Since the incident in school I also have started again to close other people out. Everybody is my enemy. Can’t trust cause trust is rewarded with trouble and pain. This can greatly affect my survival in this class til the end of the schoolyear. I’m not sure if I can do it. I can’t be around with people whom I see as enemies. I don’t know who reported me, so I just have to count with anyone, everyone. They have plotted against me cause they don’t like me, the way they look at me – they look at a criminal. It’s in their voices, eyes, faces, mouths, hands, the way they walk, the way they hold their head high up to the skies. I have never met as intolerant people as within those who preach about tolerance and accepting differences. Often I feel like I wanna go and kill them all. I can’t protect myself cause whatever I do they will always win. Everything they do is right, doesn’t matter how evil it ever is. And all I do is wrong cause I have no worth, and no rights. And this is how it’s always been.

And this is why I’m such an angry person. The hate towards all people is caused by how they treat me. And it makes me unstable. I don’t wanna be like that. I wanna be whole person, happy and satisfied, look right, get rid of this shit around me. There are still strong moments I just wanna give up and kill myself. I have not had these thoughts for years anymore. But all this stress… I can’t take this anymore. If I try tell someone they don’t believe me, they won’t even listen. They think they know better where my problems lie. But they don’t see this inside. When I look into my eyes in mirror they tell me different story than this body. People don’t see. They look into my eyes and look straight through me.

In dreams I’m only free. I’d like to set my mind free. In death. I could be born again far away, in a body that feels right, in a place that’s friendly to me. Even a life as a fly would be better.
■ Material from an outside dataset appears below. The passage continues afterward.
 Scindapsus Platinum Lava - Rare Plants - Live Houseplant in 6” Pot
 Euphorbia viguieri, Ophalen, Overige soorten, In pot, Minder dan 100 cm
Every day pretending, being brave, not showing any pain or fear, it’s draining me. But if I show my true feelings, if I let those bastards break me I will never forgive myself. Not acceptable. They will not see me cry. Even if I die in the end they will not see me get weak before them. AND I will NOT stop posting my videos in Youtube, and I will NOT give up my hobbies and friends, or my family. I’ll train my cat to fight and they get my guns only over my cold dead body. If loving my family is a crime then it’ll be. I don’t care. I won’t stop loving them because they are what keeps me alive. I kill myself if they are taken from me.